_EXERCISE GOAL_: From the records below, transcribe exactly the lines that begin at the line with "Двухкамерный холодильник NordFrost" and end at the line with "Ruben De Ronde", both included.

⁂

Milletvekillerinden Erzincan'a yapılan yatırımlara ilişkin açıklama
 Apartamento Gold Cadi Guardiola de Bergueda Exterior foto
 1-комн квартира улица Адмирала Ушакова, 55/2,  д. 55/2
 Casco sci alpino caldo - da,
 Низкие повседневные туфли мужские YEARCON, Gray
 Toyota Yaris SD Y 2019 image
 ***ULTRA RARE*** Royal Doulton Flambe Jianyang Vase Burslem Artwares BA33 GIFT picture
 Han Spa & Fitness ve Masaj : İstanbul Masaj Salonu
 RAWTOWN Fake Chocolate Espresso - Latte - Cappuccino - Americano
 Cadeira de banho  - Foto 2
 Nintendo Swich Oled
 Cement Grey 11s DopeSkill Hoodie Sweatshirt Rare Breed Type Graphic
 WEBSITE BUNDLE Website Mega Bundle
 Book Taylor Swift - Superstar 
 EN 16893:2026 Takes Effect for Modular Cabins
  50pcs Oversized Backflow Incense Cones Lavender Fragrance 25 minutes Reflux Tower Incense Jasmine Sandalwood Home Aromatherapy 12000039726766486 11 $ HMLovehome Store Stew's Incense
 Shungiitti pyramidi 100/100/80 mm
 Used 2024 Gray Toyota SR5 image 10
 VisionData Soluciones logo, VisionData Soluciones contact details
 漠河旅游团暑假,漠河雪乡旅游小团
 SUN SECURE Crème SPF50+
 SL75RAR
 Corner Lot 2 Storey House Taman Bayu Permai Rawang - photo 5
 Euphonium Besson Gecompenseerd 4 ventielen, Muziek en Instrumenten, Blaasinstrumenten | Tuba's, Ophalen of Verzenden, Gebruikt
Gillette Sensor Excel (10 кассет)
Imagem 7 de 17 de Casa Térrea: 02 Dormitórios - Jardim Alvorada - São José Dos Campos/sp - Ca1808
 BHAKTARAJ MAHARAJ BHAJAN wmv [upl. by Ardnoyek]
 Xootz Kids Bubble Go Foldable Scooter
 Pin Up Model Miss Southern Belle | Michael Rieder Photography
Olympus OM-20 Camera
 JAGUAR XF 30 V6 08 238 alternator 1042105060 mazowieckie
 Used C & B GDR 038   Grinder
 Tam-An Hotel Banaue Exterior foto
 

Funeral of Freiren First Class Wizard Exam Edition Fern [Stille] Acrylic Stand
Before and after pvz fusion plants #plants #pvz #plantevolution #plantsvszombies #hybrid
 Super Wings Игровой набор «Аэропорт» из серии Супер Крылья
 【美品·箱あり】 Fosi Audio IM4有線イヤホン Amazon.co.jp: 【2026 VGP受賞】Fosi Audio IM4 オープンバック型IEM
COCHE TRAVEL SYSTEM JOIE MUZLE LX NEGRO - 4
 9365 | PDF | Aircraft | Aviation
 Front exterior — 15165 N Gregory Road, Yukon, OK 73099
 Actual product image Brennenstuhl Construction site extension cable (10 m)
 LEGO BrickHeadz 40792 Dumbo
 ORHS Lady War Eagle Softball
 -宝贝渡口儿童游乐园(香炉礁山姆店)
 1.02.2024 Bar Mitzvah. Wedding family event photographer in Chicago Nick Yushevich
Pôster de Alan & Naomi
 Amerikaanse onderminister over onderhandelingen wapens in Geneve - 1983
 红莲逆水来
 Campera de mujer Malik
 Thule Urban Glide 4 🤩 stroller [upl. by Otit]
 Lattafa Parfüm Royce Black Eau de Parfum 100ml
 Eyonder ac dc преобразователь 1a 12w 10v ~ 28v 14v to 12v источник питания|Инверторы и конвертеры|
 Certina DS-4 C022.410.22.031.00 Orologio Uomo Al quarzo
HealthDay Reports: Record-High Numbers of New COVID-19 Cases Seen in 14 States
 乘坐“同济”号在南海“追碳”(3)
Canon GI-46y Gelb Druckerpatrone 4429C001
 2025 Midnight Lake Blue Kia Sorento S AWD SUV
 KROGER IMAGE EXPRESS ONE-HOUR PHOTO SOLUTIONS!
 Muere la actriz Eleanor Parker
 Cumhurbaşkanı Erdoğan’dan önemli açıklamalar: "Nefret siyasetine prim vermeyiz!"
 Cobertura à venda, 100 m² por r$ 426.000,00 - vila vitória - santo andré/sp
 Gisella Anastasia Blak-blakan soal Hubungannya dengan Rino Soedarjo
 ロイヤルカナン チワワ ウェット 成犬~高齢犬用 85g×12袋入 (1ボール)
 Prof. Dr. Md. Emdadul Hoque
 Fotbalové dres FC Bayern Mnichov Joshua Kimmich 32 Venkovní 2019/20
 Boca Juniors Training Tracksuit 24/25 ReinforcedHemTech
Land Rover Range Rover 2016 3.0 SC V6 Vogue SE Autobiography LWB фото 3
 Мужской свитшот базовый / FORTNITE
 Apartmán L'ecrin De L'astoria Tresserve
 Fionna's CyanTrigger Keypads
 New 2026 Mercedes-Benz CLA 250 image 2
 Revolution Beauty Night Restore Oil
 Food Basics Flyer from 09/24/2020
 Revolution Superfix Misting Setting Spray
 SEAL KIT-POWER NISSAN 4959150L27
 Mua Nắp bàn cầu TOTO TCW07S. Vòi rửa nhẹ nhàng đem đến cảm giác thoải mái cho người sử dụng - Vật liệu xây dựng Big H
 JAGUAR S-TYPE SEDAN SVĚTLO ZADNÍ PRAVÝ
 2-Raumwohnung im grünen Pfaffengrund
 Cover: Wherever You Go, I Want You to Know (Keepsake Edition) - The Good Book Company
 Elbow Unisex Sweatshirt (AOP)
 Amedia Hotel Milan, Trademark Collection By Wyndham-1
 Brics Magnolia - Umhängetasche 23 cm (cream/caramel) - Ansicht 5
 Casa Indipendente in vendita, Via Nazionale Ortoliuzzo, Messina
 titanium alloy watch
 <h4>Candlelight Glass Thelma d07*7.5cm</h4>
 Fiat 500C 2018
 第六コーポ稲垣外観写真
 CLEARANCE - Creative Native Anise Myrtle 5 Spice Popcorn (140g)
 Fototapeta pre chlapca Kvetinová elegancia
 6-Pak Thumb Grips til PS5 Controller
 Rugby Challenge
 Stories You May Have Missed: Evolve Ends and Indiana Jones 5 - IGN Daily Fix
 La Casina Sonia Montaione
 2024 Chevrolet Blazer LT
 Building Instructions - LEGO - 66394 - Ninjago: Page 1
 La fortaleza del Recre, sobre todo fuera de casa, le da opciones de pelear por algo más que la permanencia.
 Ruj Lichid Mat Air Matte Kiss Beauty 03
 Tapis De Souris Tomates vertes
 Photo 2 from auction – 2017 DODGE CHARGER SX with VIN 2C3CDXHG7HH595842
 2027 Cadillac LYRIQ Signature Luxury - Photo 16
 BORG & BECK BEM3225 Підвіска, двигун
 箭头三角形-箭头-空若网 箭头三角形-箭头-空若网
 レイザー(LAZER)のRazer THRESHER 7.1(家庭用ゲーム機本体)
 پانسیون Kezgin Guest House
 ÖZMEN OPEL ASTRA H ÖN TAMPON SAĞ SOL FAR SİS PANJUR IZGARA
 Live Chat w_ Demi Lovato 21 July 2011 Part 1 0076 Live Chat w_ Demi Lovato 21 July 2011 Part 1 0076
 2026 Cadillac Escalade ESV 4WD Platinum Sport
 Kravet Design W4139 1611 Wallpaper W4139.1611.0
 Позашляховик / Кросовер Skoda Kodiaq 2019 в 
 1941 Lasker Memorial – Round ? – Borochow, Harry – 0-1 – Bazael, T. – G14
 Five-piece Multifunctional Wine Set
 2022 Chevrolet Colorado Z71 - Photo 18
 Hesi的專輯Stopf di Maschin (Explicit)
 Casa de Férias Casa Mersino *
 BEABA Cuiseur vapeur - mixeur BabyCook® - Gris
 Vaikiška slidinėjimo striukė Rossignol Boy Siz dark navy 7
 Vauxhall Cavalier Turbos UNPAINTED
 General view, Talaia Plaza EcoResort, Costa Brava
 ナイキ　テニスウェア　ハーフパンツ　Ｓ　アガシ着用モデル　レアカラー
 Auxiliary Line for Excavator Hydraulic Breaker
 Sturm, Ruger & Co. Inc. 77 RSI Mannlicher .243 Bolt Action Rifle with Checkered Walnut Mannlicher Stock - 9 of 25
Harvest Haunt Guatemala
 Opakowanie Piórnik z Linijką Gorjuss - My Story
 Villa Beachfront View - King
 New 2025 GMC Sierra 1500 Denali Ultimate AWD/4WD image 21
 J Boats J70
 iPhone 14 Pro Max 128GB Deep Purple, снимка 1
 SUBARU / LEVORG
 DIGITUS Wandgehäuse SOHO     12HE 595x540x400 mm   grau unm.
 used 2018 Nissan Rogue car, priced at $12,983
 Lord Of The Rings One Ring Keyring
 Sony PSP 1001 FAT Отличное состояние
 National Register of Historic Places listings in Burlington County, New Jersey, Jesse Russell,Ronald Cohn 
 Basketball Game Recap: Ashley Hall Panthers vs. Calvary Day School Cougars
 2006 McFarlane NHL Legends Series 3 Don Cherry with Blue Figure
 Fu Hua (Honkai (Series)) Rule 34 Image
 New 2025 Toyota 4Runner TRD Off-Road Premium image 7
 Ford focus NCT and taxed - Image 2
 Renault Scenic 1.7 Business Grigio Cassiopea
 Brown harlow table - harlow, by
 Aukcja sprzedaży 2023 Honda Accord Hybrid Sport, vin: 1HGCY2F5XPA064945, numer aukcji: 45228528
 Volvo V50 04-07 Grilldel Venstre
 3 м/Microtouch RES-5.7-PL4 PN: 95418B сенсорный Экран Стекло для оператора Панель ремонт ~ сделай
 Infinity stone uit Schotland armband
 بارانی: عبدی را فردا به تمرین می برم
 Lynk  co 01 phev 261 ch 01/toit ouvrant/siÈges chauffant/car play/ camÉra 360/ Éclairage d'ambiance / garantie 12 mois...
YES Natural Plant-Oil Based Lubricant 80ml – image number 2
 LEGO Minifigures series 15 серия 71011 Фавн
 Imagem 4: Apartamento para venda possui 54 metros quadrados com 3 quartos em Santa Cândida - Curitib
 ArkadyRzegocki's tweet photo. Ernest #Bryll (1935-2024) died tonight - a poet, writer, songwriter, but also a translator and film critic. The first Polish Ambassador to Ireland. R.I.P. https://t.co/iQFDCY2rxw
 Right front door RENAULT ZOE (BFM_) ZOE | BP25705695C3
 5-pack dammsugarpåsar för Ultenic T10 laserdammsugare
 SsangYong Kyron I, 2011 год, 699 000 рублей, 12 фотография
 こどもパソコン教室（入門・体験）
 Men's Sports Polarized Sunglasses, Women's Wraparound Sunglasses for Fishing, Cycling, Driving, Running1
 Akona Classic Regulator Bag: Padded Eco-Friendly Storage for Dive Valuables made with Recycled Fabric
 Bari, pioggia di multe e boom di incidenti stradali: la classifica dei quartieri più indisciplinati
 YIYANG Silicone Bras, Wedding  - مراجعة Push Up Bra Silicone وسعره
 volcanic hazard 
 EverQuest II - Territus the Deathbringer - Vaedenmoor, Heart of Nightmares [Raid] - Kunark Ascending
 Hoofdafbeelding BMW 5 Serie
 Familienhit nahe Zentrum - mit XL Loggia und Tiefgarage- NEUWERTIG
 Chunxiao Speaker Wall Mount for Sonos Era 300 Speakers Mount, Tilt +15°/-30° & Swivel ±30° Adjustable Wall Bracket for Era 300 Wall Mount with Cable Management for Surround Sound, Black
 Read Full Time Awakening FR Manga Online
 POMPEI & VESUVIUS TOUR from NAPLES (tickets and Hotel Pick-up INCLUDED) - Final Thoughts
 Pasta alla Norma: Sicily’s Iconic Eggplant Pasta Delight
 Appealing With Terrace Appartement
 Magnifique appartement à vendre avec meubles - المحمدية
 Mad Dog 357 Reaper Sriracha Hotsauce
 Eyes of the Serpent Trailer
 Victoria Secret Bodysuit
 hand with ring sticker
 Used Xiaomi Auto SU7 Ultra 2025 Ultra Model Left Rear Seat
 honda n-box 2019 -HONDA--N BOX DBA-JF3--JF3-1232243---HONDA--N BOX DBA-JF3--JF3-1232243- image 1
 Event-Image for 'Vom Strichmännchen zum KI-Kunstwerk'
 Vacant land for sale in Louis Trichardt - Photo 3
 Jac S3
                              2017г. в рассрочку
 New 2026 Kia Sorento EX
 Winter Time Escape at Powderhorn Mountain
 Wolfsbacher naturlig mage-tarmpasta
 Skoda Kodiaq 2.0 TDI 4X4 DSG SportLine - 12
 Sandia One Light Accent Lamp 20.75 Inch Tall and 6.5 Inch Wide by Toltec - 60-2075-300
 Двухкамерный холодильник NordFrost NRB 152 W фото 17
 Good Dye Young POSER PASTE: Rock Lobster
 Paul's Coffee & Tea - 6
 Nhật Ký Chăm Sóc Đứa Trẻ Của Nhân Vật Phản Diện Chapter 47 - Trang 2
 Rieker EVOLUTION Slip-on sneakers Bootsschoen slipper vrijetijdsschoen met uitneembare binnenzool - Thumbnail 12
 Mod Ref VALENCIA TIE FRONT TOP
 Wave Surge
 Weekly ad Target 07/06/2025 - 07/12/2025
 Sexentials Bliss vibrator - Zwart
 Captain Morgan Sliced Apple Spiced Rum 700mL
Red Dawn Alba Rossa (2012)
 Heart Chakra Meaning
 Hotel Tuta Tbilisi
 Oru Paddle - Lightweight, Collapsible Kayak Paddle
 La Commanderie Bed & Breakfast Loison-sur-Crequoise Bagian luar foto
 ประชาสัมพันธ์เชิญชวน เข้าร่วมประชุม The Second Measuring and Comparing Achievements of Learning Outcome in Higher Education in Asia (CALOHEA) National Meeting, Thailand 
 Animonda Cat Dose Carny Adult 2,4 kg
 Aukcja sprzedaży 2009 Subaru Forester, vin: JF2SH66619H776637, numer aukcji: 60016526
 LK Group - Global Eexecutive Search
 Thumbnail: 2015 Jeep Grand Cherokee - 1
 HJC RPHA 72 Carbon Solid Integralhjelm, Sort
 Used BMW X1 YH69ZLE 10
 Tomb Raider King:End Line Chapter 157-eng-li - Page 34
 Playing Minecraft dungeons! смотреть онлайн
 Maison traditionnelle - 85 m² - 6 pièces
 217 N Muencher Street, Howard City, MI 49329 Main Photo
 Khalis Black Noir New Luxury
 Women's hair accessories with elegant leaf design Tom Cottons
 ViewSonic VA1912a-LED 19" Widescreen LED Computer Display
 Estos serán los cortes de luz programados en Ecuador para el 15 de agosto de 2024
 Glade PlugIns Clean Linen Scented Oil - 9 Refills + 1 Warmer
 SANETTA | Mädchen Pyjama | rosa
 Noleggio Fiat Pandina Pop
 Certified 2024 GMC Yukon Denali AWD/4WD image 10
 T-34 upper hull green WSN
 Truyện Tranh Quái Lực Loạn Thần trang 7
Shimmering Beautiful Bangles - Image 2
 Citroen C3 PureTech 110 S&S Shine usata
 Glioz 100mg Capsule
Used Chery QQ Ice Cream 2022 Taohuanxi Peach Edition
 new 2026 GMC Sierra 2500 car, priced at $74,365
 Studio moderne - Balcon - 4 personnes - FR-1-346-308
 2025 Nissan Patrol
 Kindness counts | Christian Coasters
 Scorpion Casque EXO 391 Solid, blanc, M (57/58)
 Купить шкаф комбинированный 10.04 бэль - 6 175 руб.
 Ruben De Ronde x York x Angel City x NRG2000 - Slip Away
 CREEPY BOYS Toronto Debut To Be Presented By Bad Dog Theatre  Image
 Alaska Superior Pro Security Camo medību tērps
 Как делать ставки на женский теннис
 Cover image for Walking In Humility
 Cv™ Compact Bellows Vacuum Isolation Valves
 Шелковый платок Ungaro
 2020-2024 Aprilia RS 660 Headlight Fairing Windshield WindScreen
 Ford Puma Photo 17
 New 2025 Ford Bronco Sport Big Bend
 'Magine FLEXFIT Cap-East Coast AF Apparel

⁂

_EXERCISE RESPONSE_:
 Двухкамерный холодильник NordFrost NRB 152 W фото 17
 Good Dye Young POSER PASTE: Rock Lobster
 Paul's Coffee & Tea - 6
 Nhật Ký Chăm Sóc Đứa Trẻ Của Nhân Vật Phản Diện Chapter 47 - Trang 2
 Rieker EVOLUTION Slip-on sneakers Bootsschoen slipper vrijetijdsschoen met uitneembare binnenzool - Thumbnail 12
 Mod Ref VALENCIA TIE FRONT TOP
 Wave Surge
 Weekly ad Target 07/06/2025 - 07/12/2025
 Sexentials Bliss vibrator - Zwart
 Captain Morgan Sliced Apple Spiced Rum 700mL
Red Dawn Alba Rossa (2012)
 Heart Chakra Meaning
 Hotel Tuta Tbilisi
 Oru Paddle - Lightweight, Collapsible Kayak Paddle
 La Commanderie Bed & Breakfast Loison-sur-Crequoise Bagian luar foto
 ประชาสัมพันธ์เชิญชวน เข้าร่วมประชุม The Second Measuring and Comparing Achievements of Learning Outcome in Higher Education in Asia (CALOHEA) National Meeting, Thailand 
 Animonda Cat Dose Carny Adult 2,4 kg
 Aukcja sprzedaży 2009 Subaru Forester, vin: JF2SH66619H776637, numer aukcji: 60016526
 LK Group - Global Eexecutive Search
 Thumbnail: 2015 Jeep Grand Cherokee - 1
 HJC RPHA 72 Carbon Solid Integralhjelm, Sort
 Used BMW X1 YH69ZLE 10
 Tomb Raider King:End Line Chapter 157-eng-li - Page 34
 Playing Minecraft dungeons! смотреть онлайн
 Maison traditionnelle - 85 m² - 6 pièces
 217 N Muencher Street, Howard City, MI 49329 Main Photo
 Khalis Black Noir New Luxury
 Women's hair accessories with elegant leaf design Tom Cottons
 ViewSonic VA1912a-LED 19" Widescreen LED Computer Display
 Estos serán los cortes de luz programados en Ecuador para el 15 de agosto de 2024
 Glade PlugIns Clean Linen Scented Oil - 9 Refills + 1 Warmer
 SANETTA | Mädchen Pyjama | rosa
 Noleggio Fiat Pandina Pop
 Certified 2024 GMC Yukon Denali AWD/4WD image 10
 T-34 upper hull green WSN
 Truyện Tranh Quái Lực Loạn Thần trang 7
Shimmering Beautiful Bangles - Image 2
 Citroen C3 PureTech 110 S&S Shine usata
 Glioz 100mg Capsule
Used Chery QQ Ice Cream 2022 Taohuanxi Peach Edition
 new 2026 GMC Sierra 2500 car, priced at $74,365
 Studio moderne - Balcon - 4 personnes - FR-1-346-308
 2025 Nissan Patrol
 Kindness counts | Christian Coasters
 Scorpion Casque EXO 391 Solid, blanc, M (57/58)
 Купить шкаф комбинированный 10.04 бэль - 6 175 руб.
 Ruben De Ronde x York x Angel City x NRG2000 - Slip Away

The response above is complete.